Carlos Tavares gostava de matar sucessos e investir em fracassos. Espero que o Filosa cuide bem desses sucessos (só pela mudança imediata nos motores das Stellantis já mostra uma tendência de seguir o básico: fazer o que o público quer)
Os Carros da Chrysler sempre tiveram seu charme, a sobrevida da Durango, mostra que a Stellantis deveria tentar entender melhor, o complexo mercado americano…Onde um V8, faz parte do tão famoso ” Sonho Americano”…
Clara que me Lembro, Eu tenho um Durango Citadel que não me desfaço por nada.
Melhor carro do Mundo, e na minha cidade só tem o meu…Exclusividade.
Motor do Challenger
Não gostei da traseira e parachoque, mas o carro é bonito, se tivesse 60-100 mil aqui vendia feito imposto.
Muitas veja estratégia é errada.
Por aqui acho que faria sucesso o V6 Pentastar mas, temos que tomar cuidado pois nossa gasolina já vem batizada do governo com 30% de álcool. Adaptar este tipo de motorização as vezes não compensa.
Clara que me Lembro, Eu tenho um Durango Citadel que não me desfaço por nada.
Melhor carro do Mundo, e na minha cidade só tem o meu…Exclusividade.

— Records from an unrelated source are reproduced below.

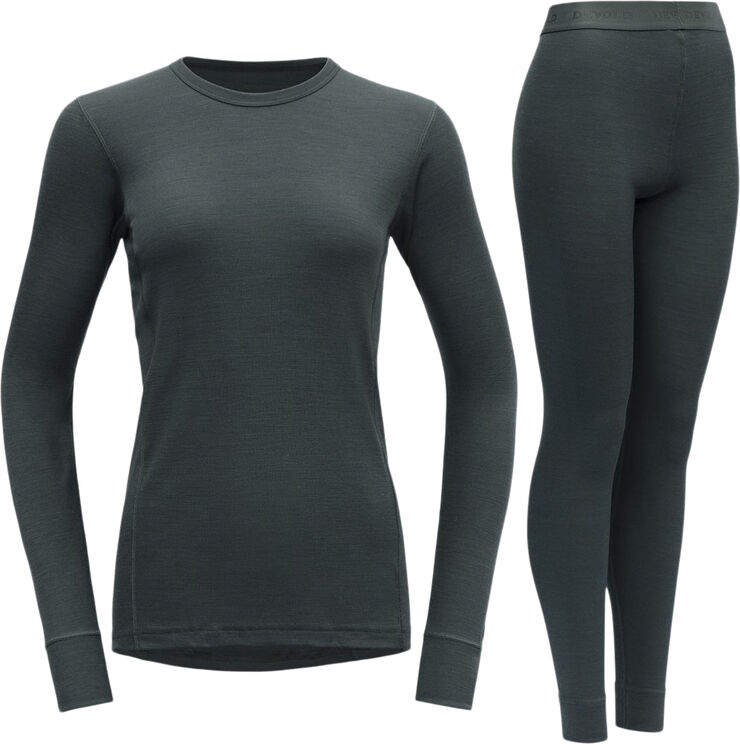 Devold Devold Outdoor Wool Set Uldundertøj, dame Grøn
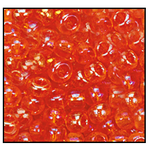 11/0 Transparent Light Red Iris Czech Seed Bead (1/2 Kilo) Preciosa #91050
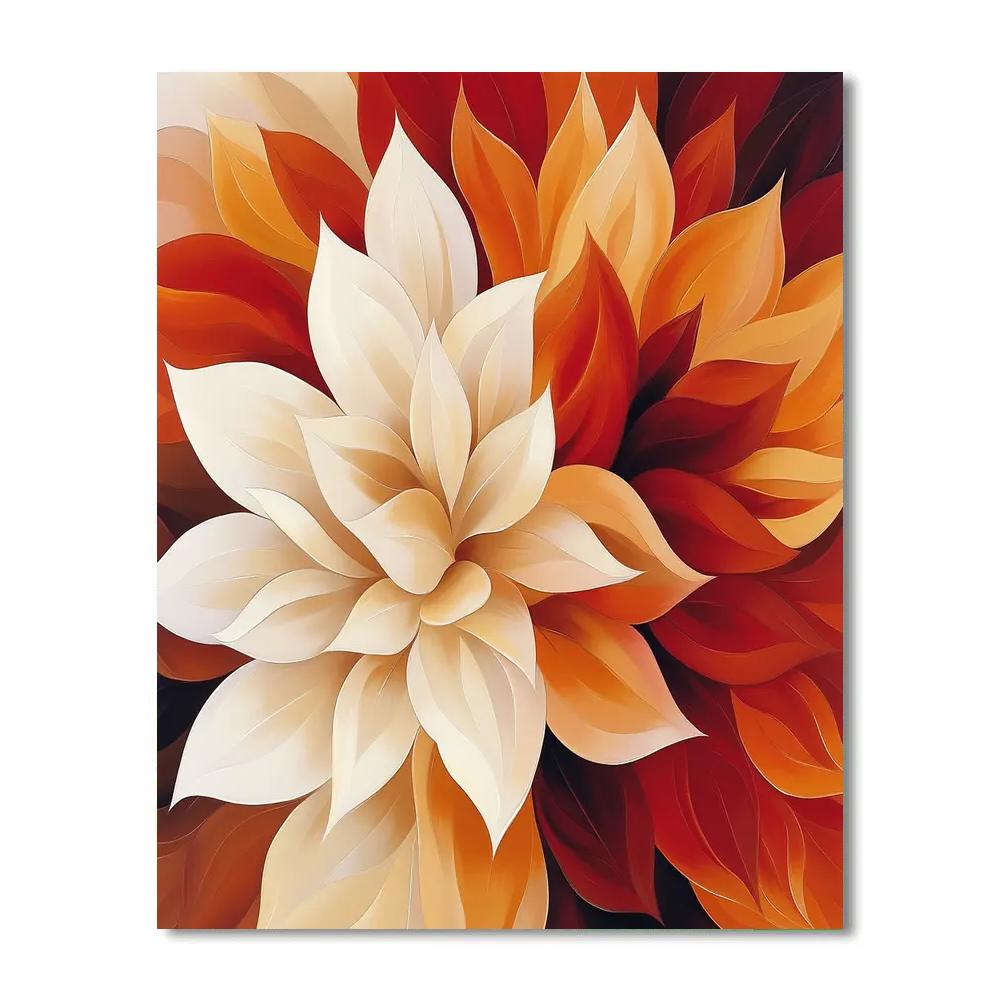 Georgia OKeeffe Inspired Desert Flowers Numbered painting kits
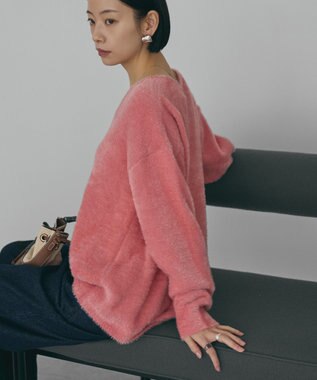 AMERICAN HOLIC Ｖネックフェアリーニットプルオーバー Pink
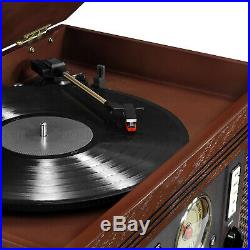 Vinyl Turntable Record Player CD Cassette AF/FM Radio Player Vintage Wireless BT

Além da Dodge Durango, também nunca tivemos por aqui os Dodge Charger e Challenger trazidos oficialmente pela Stellantis… Uma pena… Tomara que isso mude com o novo Dodge Charger R/T lançado recentemente na terra do Tio Sam.
Dirigi uma GT nos EUA.
Maravilha de carro.
Eu tenho é top! Os carro 2025 não tem o recurso do meu 2013
Eu acho o nome Dodge muito melhor do que RAM.
Dirigi um nos EUA. Eu não gosto de SUVs mas confesso que gostei da experiência.